> [Exercise aim] Look below for the line containing "Gertrud Engel for" and the line containing "3 Beds 2.5 Baths", then set down both and every line between them exactly, without pictures.
------ Provided records ------
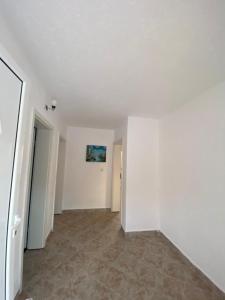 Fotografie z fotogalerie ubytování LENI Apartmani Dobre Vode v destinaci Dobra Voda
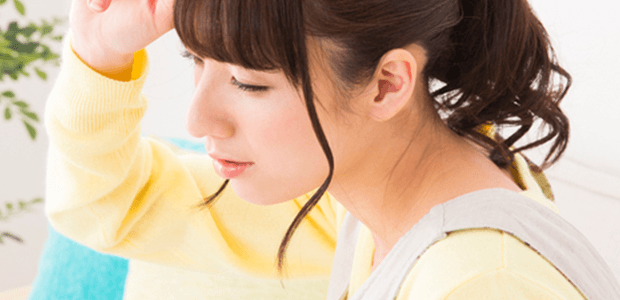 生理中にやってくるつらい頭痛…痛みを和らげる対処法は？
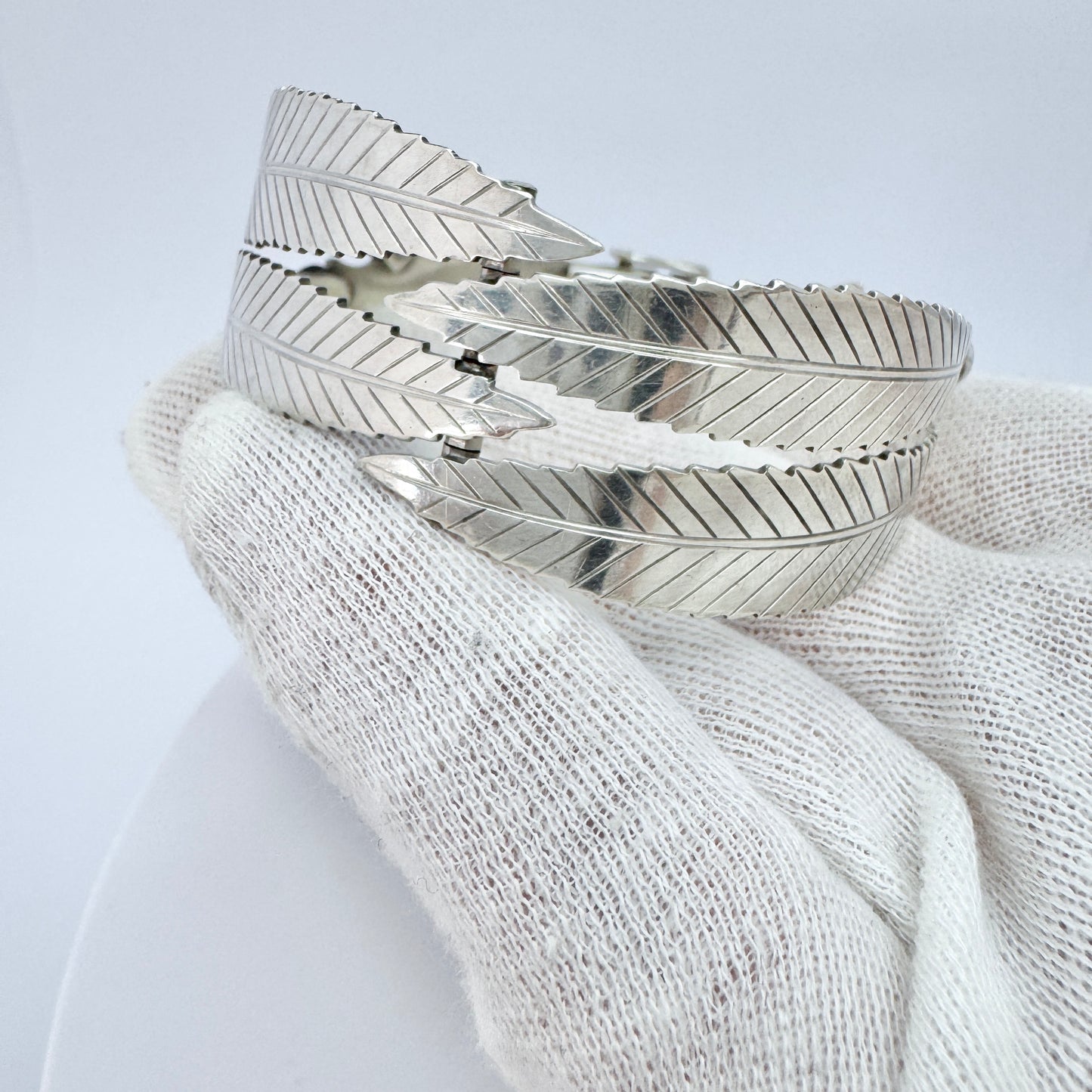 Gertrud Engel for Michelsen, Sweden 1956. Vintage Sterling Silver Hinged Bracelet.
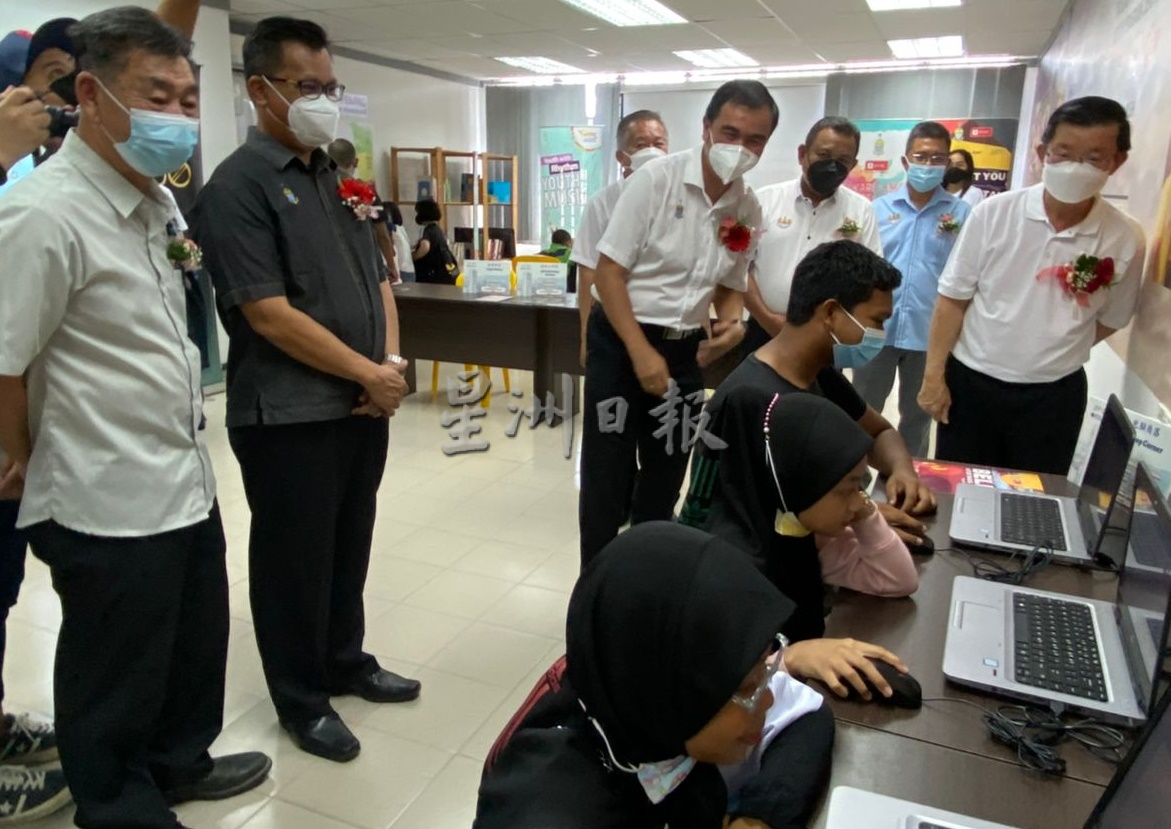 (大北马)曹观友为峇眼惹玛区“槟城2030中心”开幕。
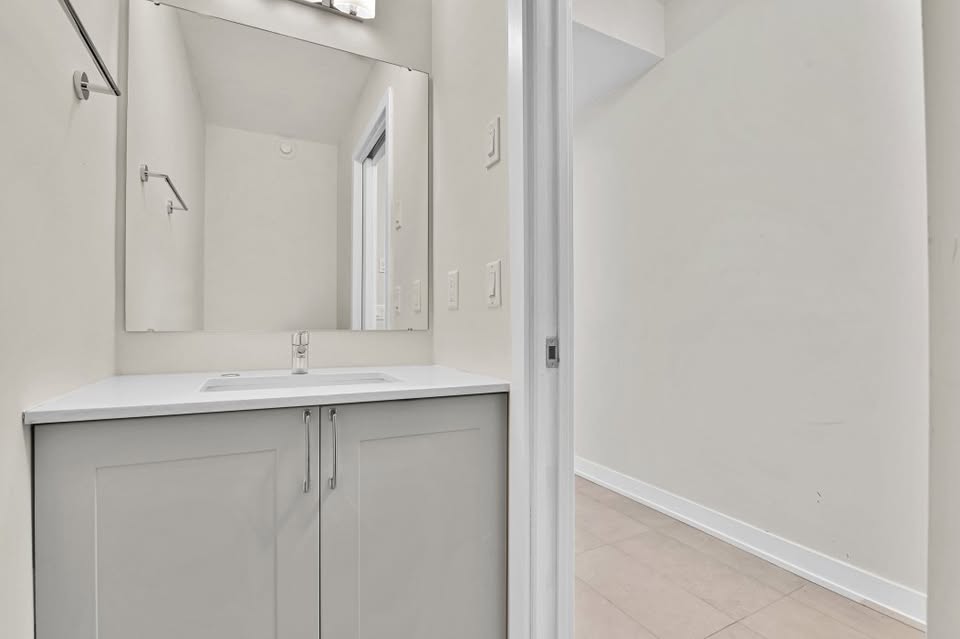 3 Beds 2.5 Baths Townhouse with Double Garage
------
------ Provided records ------
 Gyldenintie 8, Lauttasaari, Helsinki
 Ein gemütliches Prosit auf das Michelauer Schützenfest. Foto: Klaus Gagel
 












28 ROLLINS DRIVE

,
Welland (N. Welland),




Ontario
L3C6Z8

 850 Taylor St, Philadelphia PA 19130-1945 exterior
------
> [Written solution]
 Gertrud Engel for Michelsen, Sweden 1956. Vintage Sterling Silver Hinged Bracelet.
 (大北马)曹观友为峇眼惹玛区“槟城2030中心”开幕。
 3 Beds 2.5 Baths Townhouse with Double Garage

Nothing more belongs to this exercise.